### ABOUT THIS EXERCISE
Before copying, set the pictures aside; then repeat every line below verbatim.

### COLLECTED DATA

◇ ◇ ◇ ◇

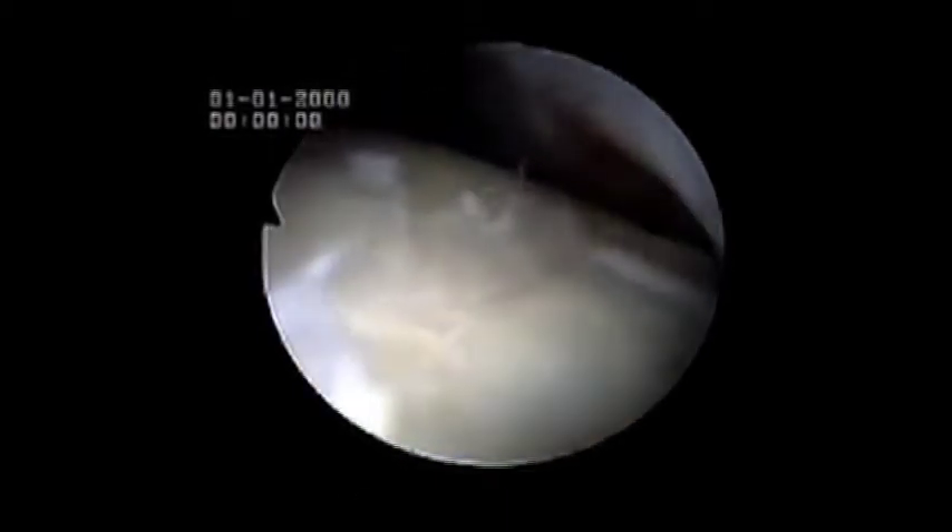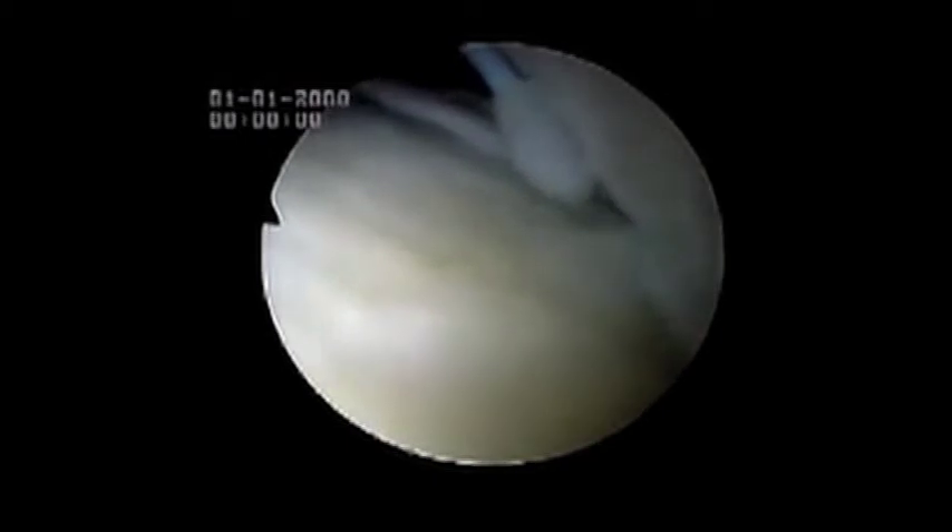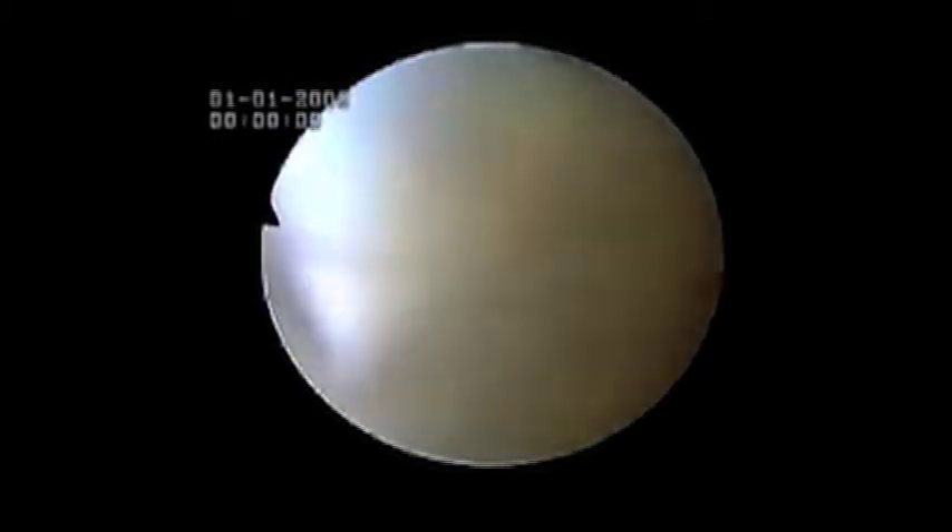The instrument being used to resect the band is a 3.5mm gator resector. It normally takes some minutes to remove this dense fibrotic tissue piecemeal. Associated with this dense fibrotic tissue is also synovitis, which is the reddish tissue you can see in the background.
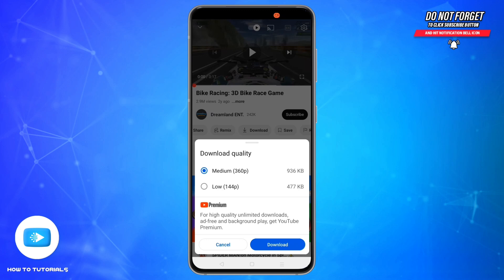If you are a YouTube Premium member, you can download almost any video, including music videos and long-form content for offline viewing. After tapping download, select your preferred video quality, like 360p or 144p, and the video will be saved inside the YouTube app.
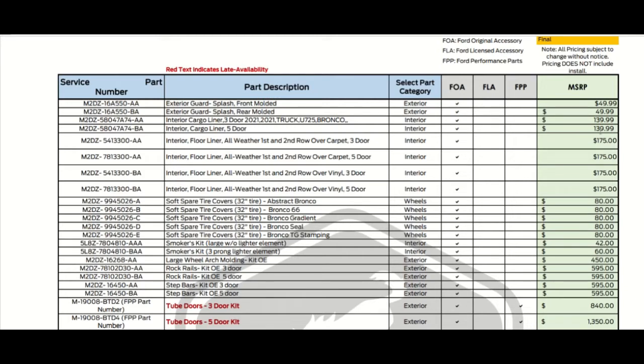That's the same price for both the three-door and five-door for the 2021 Bronco. Some of these prices give away new stuff that's coming out that isn't out yet — like the $139.99 cargo liner.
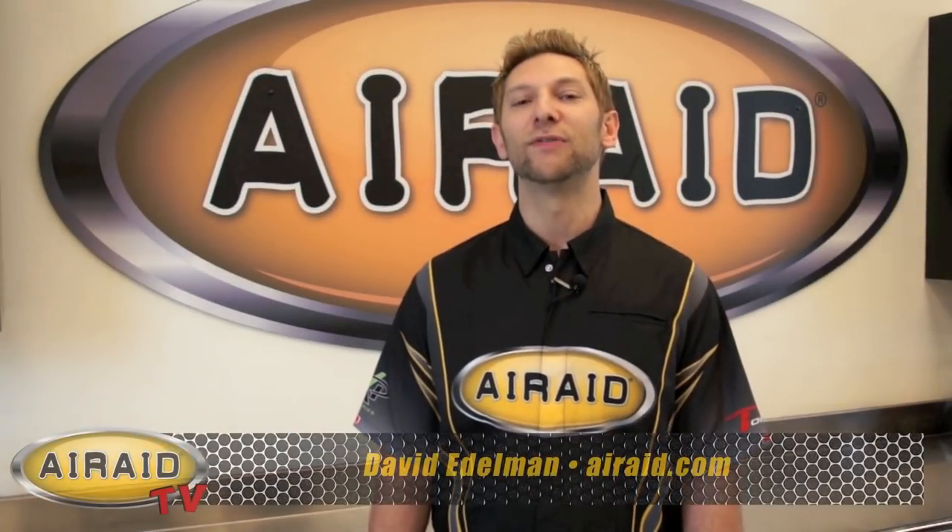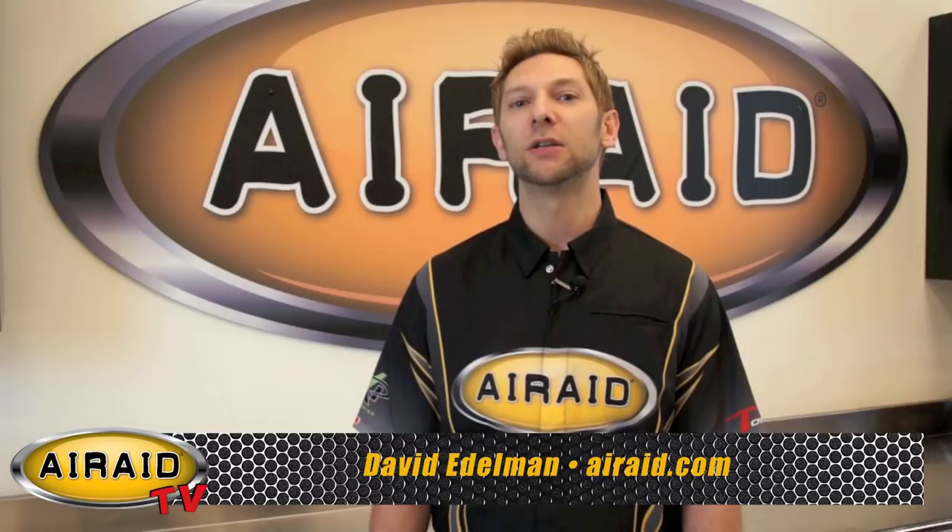Hey, we're back with another edition of AirRay TV. Now you've seen some of our installation videos that we've done, but today we're going to show you how to clean our Synthamax non-oiled premium air filter.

◇ ◇ ◇ ◇

### TASK SOLUTION
The instrument being used to resect the band is a 3.5mm gator resector. It normally takes some minutes to remove this dense fibrotic tissue piecemeal. Associated with this dense fibrotic tissue is also synovitis, which is the reddish tissue you can see in the background.
If you are a YouTube Premium member, you can download almost any video, including music videos and long-form content for offline viewing. After tapping download, select your preferred video quality, like 360p or 144p, and the video will be saved inside the YouTube app.
That's the same price for both the three-door and five-door for the 2021 Bronco. Some of these prices give away new stuff that's coming out that isn't out yet — like the $139.99 cargo liner.
Hey, we're back with another edition of AirRay TV. Now you've seen some of our installation videos that we've done, but today we're going to show you how to clean our Synthamax non-oiled premium air filter.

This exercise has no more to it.